Commento scritto da Paolo Galli il 17 Giugno 2017 alle 17:47
A mio parere la competenza della tutela non è dell'Unesco ma della Soprintendenza, che dovrà valutare quanto e come l'opera prospettata stia "a fianco" della chiesa e possa quindi, o meno, rientrare nell'ambito del vincolo monumentale.

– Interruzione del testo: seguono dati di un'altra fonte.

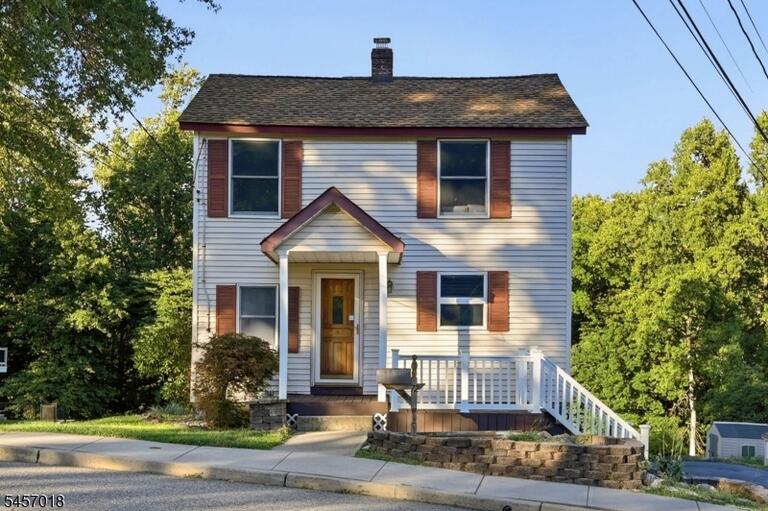 Property listing MLS 4049604 photo 1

Commento scritto da Aurelio Fabiani il 18 Giugno 2017 alle 11:04
Basta che non sia la scusa di chi governa la città per non farlo ( traduco, se si giustificassero con argomenti del tipo lo possiamo fare solo lì). Visto che la scelta di civiltà di fare un forno crematorio torna all'ordine del giorno ( era nel programma di Casa Rossa nel 2009), cogliamo l'occasione per spingere per la sua realizzazione, con una collocazione adeguata. Sono passati 140 anni da quando Pianciani regalò questo spazio di civiltà per il fine vita e da allora molta barbarie igienica, edilizia e speculativa ha coperto i nostri morti. Torniamo a essere civili.


Commento scritto da pierluigia ciucarilli il 18 Giugno 2017 alle 23:16
Della morte non si parla mai, però se questo argomento deve essere sfruttato per demolire, allora diventiamo tutti maestri. Vorrei sapere come mai non si è mai scritto un articolo sui problemi e delle spese che devono affrontare le famiglie di chi vuole essere cremato, di quanti giorni la salma sosta perchè i tempi d'attesa sono sempre più lunghi da quando è fuori uso il forno di Perugia e che ci sono dei nostri vicini che ambirebbero molto a fare il forno.

Facciamo proposte costruttive, però prima cerchiamo di capire bene di che cosa stiamo parlando, magari chiediamo a chi conosce meglio la storia del nostro cimitero monumentale, di quanti non hanno mai visitato il tempio, il carro forno napoleonico patrimonio del nostro cimitero, che ci sono fondi europei per dare spazio alla civiltà, come dice il prof. Fabiani. Ma del resto non ci dobbiamo meravigliare alla conferenza stampa in comune dove si trattava questa tematica eravamo "quattro gatti" ed una unica giornalista. Chiedetelo a chi vive ed aiuta a risolvere questi

problemi tutti i giorni, o a chi è spinto da una forte motivazione, o da una profonda cultura. Consiglio di leggere "sia fatta la mia volontà" Marina Sozzi filosofa e tanatologa

che ha visitato il nostro cimitero lo scorso ottobre, dopo aver tenuta una stupenda relazione al convegno dell'associazione Aglaia, ma purtroppo anche lì la stampa e molti cittadini erano assenti, peccato,sarebbe stata un'ottima occasione per saperne di più!!!